### [Your objective]
Below are records; extract exactly the lines from the one containing "Property building, Patio, Balcony/Terrace, Pool" through the last, both included, and keep the pictures out.

(Dataset excerpts)
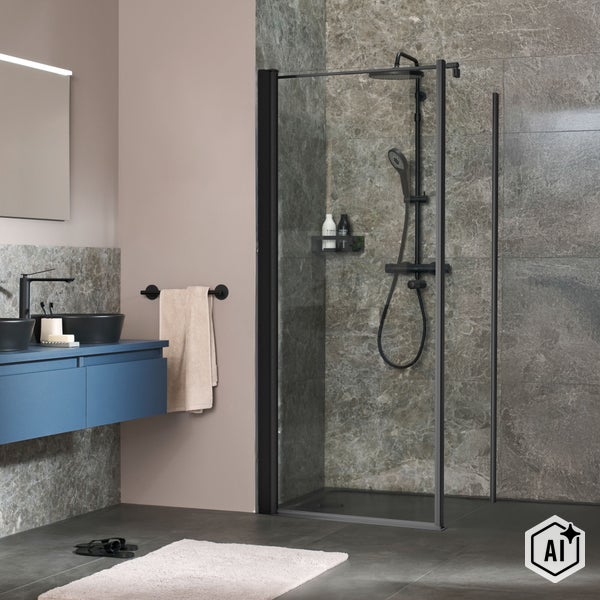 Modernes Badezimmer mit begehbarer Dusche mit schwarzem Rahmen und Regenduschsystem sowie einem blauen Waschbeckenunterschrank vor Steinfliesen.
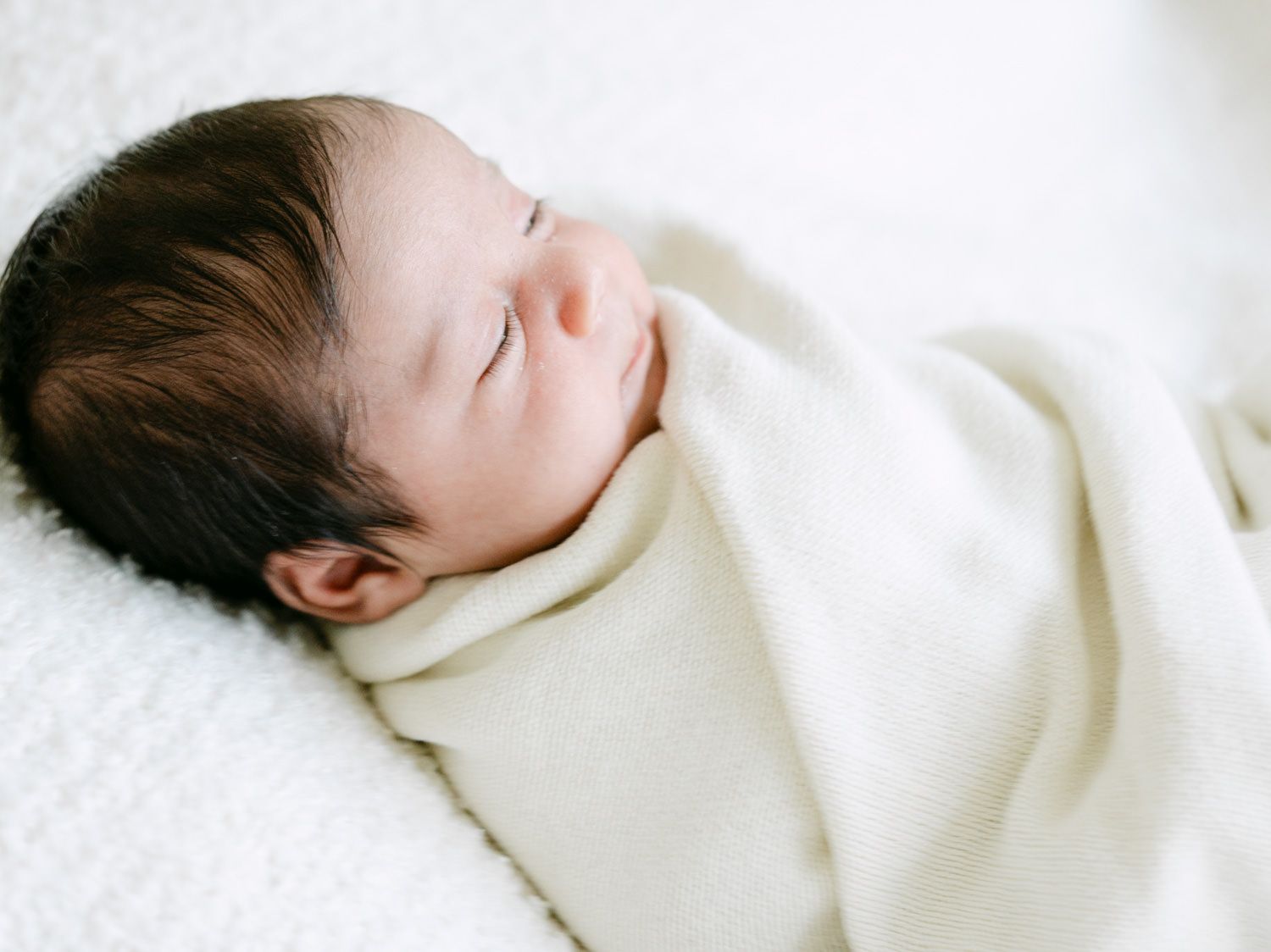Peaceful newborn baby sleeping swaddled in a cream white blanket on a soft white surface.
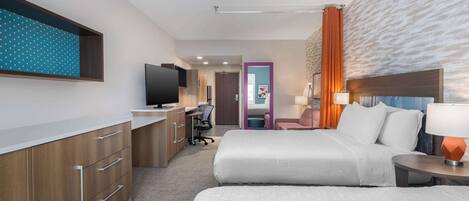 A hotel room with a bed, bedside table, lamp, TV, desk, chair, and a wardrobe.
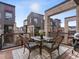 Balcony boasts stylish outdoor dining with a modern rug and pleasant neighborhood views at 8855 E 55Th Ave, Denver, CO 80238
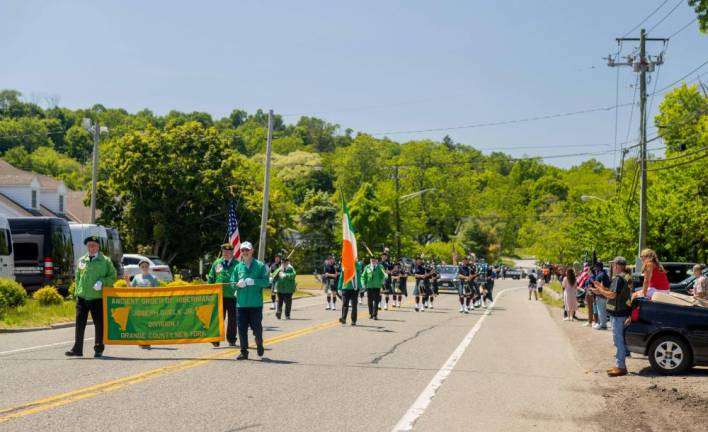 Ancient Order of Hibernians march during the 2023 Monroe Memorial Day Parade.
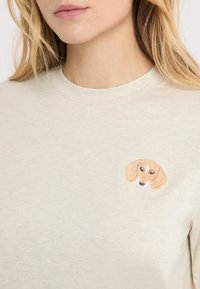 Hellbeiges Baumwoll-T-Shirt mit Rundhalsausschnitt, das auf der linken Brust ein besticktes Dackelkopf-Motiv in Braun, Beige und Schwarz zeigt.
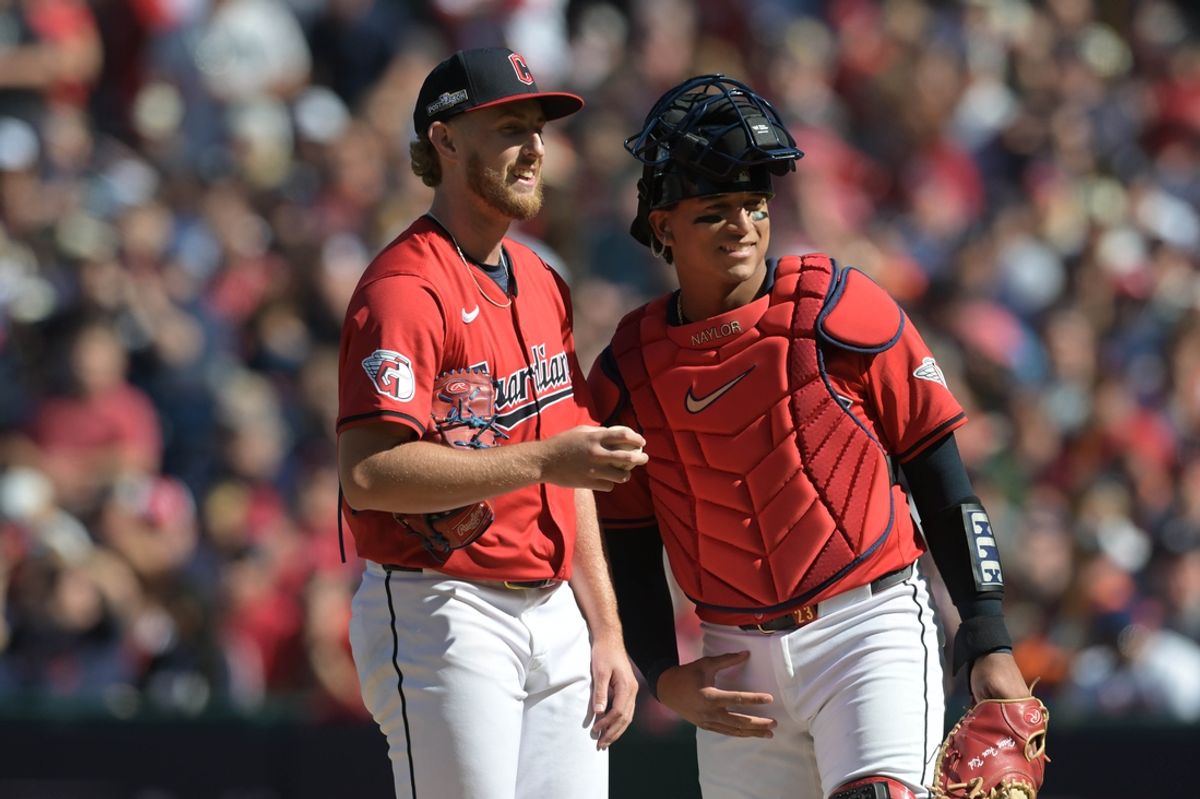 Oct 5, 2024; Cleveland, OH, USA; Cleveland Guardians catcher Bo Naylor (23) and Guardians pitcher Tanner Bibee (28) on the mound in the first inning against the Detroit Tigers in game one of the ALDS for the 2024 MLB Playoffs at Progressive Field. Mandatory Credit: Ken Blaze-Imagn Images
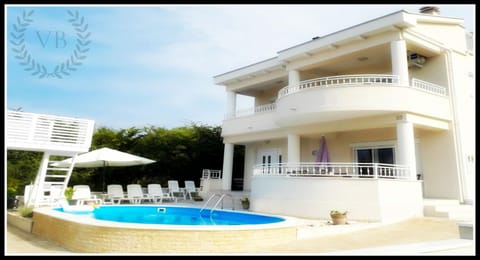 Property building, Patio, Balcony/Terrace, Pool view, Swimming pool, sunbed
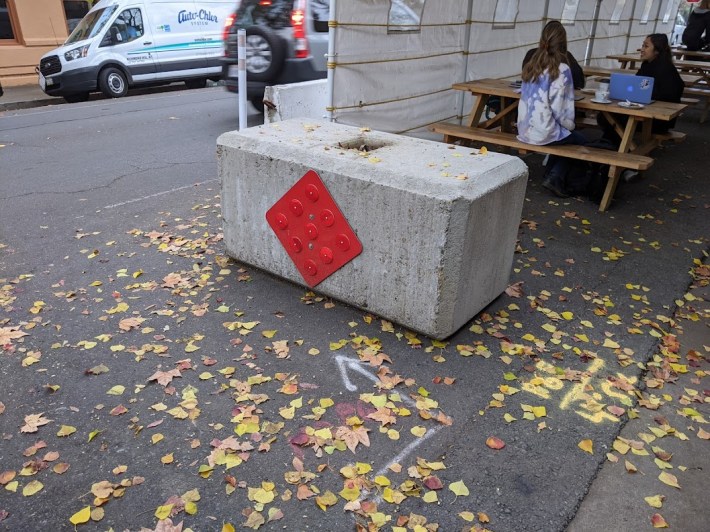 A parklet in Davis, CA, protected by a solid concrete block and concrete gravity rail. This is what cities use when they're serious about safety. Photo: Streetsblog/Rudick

### [Answer space]
 Property building, Patio, Balcony/Terrace, Pool view, Swimming pool, sunbed
 A parklet in Davis, CA, protected by a solid concrete block and concrete gravity rail. This is what cities use when they're serious about safety. Photo: Streetsblog/Rudick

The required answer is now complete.